# PSA: MacBook Unexpectedly Shuts Down



## StradivariusBone (Jun 6, 2014)

So doing a dance show and I'm sitting next to my sound tech when without any warning the MacBook running QLab literally passes out (AKA goes to sleep). Track stops. Panic ensues from the dance staff. We wake it up and the track resumes. 

In the following moments I googled possible issues since the laptop was on AC power and had all the power saving features disabled. Turns out placing certain magnetic devices on the palm rest will convince the laptop that you've closed the lid and it subsequently shuts down. 

My tech's glucose monitoring device has a magnetic component in it and that did the trick. Just thought I'd share. Apparently this also happens with some phones.

http://support.apple.com/kb/ts2917


----------



## techieman33 (Jun 6, 2014)

On the phones and tablets there are some cases with screen covers that have magnets built into them and when you put the cover on it will go to sleep.


----------



## chausman (Jun 6, 2014)

I've done that before accidentally too. Usually it's magnets in my backpack that lock the iPad sitting on top of it.


----------



## Jay Ashworth (Jun 6, 2014)

As I mentioned opinionatedly in another thread, if you're using a laptop for live production, you must use extreme prejudice to make sure it ignores lid closes in all ways at all times. There *is* a way to do that on OS/X, we were told, but I don't remember the details.


----------



## ruinexplorer (Jun 6, 2014)

Yes, in the Windoze world, you can tell the laptop what to do when the lid is closed. In show conditions, I have it "do nothing" when closed.


----------



## rmsy (Jun 8, 2014)

I assume that it's a hidden preference (a preference that is present in a property list file but not made available through UI). You may be able to find out by Google'ing around or exploring any '.plist' files in directories common to settings.


Sincerely,
Ramsey


----------



## Jay Ashworth (Jun 8, 2014)

Ok; this cropped up today while I had time to look.
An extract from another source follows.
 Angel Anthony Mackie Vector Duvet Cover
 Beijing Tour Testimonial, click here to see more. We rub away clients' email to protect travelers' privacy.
The recommended solution, if it's not incompatible with your OS release, is apparently a thing called Insomnia.

WARNING: if you try to operate a MacBook for extended periods with the lid closed, especially in areas not properly airconditioned, you may overheat it, and it may or may not safely thermal off on its own.
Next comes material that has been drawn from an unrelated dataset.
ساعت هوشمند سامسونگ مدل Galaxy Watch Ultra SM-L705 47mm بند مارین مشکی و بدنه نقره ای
https://discussions.apple.com/message/4885228


----------



## Jay Ashworth (Jun 8, 2014)

@dvsDave: note that whatever testing you guys were doing last week WRT link expansion appears to have been left in "don't replace the label with the page title" mode...


----------



## robartsd (Jun 25, 2014)

No Sleep will let you disable sleep when the lid closes (your magnet may still turn the display off, but the software will still be running).


----------



## dvsDave (Jun 25, 2014)

Jay Ashworth said:


> @dvsDave: note that whatever testing you guys were doing last week WRT link expansion appears to have been left in "don't replace the label with the page title" mode...


Yeah... I need to re-enable that. Will do when I get home.

Sent from my XT1060 using Tapatalk


----------



## Bsancken (Jun 27, 2014)

To add to this, I have had: Other laptops, Phones, iPads, iPods, flashlights, Its own maglock2 connector, even a nearby (magnetized) screwdriver cause it to "Sleep/Passout". The place it seems to be on the MBP early 2013 retina is just below the left speaker grill...


----------



## Jay Ashworth (Feb 8, 2015)

NoSleep turns out to be what i installed on 10.10, and it seems to work just fine. It does *not* override an idle timer, though, if you've set one, so you may need to care what "idle" means.


----------



## Dan0010 (Feb 8, 2015)

Since this thread came back up. I just wanted to also say I had the same problem with a dell ultra book that has a similar magnetic closing sensor. I spent two days re imaging a computer for an event (which I got from a fellow tech who manages the computers) I thought they were noting working as i stacked one on top of another and I told the tech I got it from that they weren't working as the screen would black out. He would pick up the computer and the computer worked but when I moved it I got nothing.

Eventually I figured out that the issue I was having with the dell was the same you had with apple computer. So I guess the lesson is, is to watch out for any laptops with a magnetic sensor and understand how it works. As some laptops even if you disable any power settings (include what to do on close on lid) might still cause issues.


----------